Saturday & Sunday Mornings
Saturday & Sunday mornings a big, hot, hearty, Midwestern food breakfast is served.
Guests gather around the big dining table, being served family style!
Breakfast includes one main entrée, (hash brown casserole, egg bake, caramelized French toast, pancakes, waffles, etc) along with a homemade bread, coffee cake, muffins and /or rolls.
In season fresh fruit along with sausage, bacon, and/or ham are served.
Beverages include coffee, tea, juice, and hot chocolate.
Monday through Friday Mornings
Monday through Friday mornings, our innkeeper will accommodate any customer requests for breakfast.
We do provide a variety of cereals, (hot & cold), granola bars, breads, muffins, rolls, yogurt, in season fruit, boiled eggs, cheese, etc.
Beverages available include coffee, tea, juice, and hot chocolate.
The kitchen facilities are available for your use - for helping yourself with the kind of breakfast YOU like!
Please note -
For any and all breakfasts - Please let us know if you have any food allergies, special diets, need gluten-free foods, etc, and we will accommodate YOU!

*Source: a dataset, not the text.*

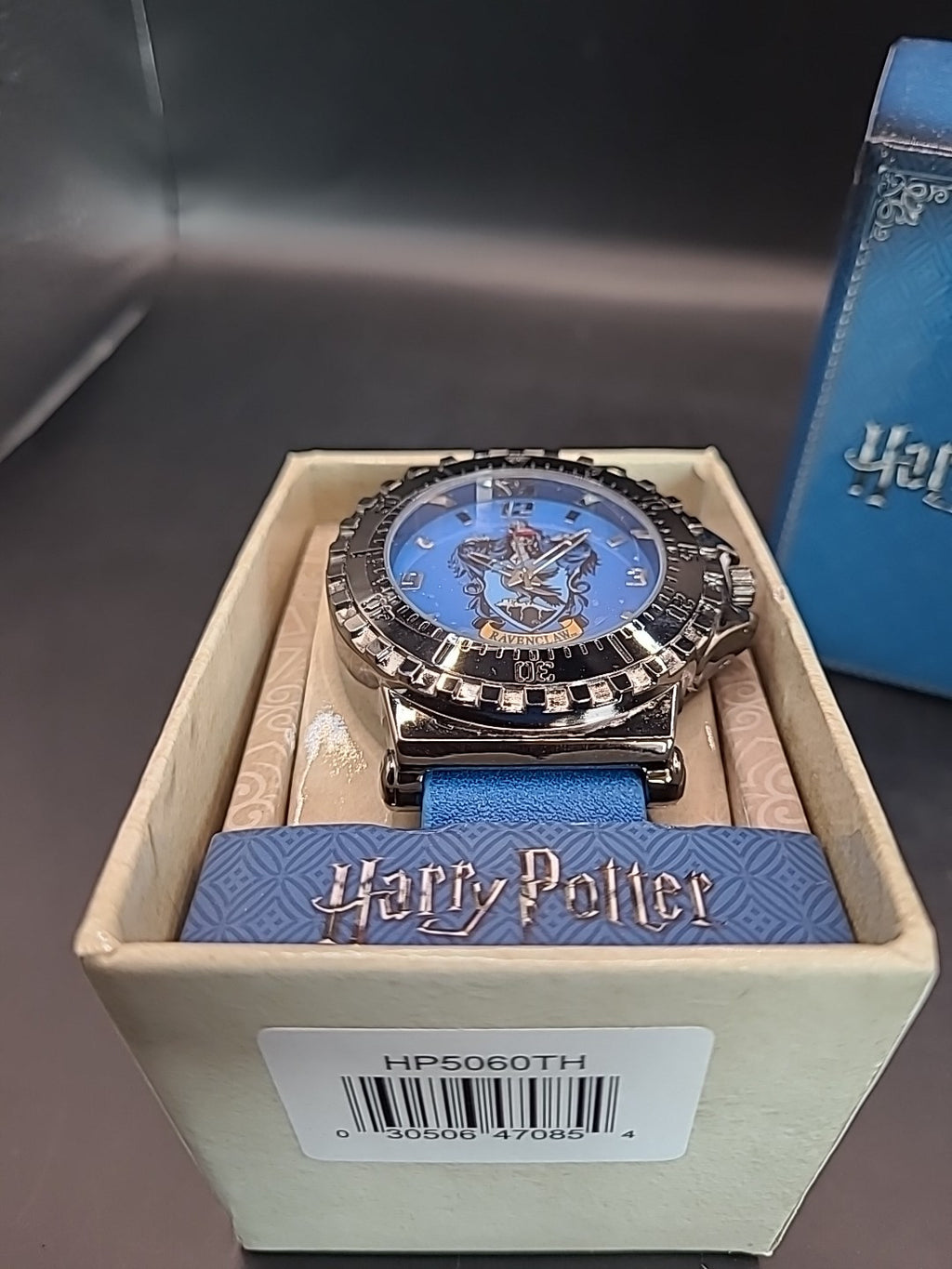 Harry Potter RAVENCLAW Accutime Analog Wrist Watch Limited Edition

Overnight Caramel French Toast
1 cup packed light brown sugar 6 eggs, beaten
½ cup butter
1 ½ cups milk
2 tablespoons light corn syrup
1 teaspoon vanilla extract
12 slices sandwich bread
¼ teaspoon salt
Combine brown sugar, butter and corn syrup in small saucepan; cook over medium heat until thickened, stirring constantly. Pour into greased 9 x 13 inch baking dish. Place 6 slices bread on top syrup mixture. Top with remaining bread. Combine eggs, milk, vanilla and salt in bowl; stir until blended. Pour over bread. Refrigerate, covered, for 8 hours. Preheat oven to 350 degrees. Bake, uncovered, for 40 to 45 minutes or until done. Serve immediately. Yield: 12 servings.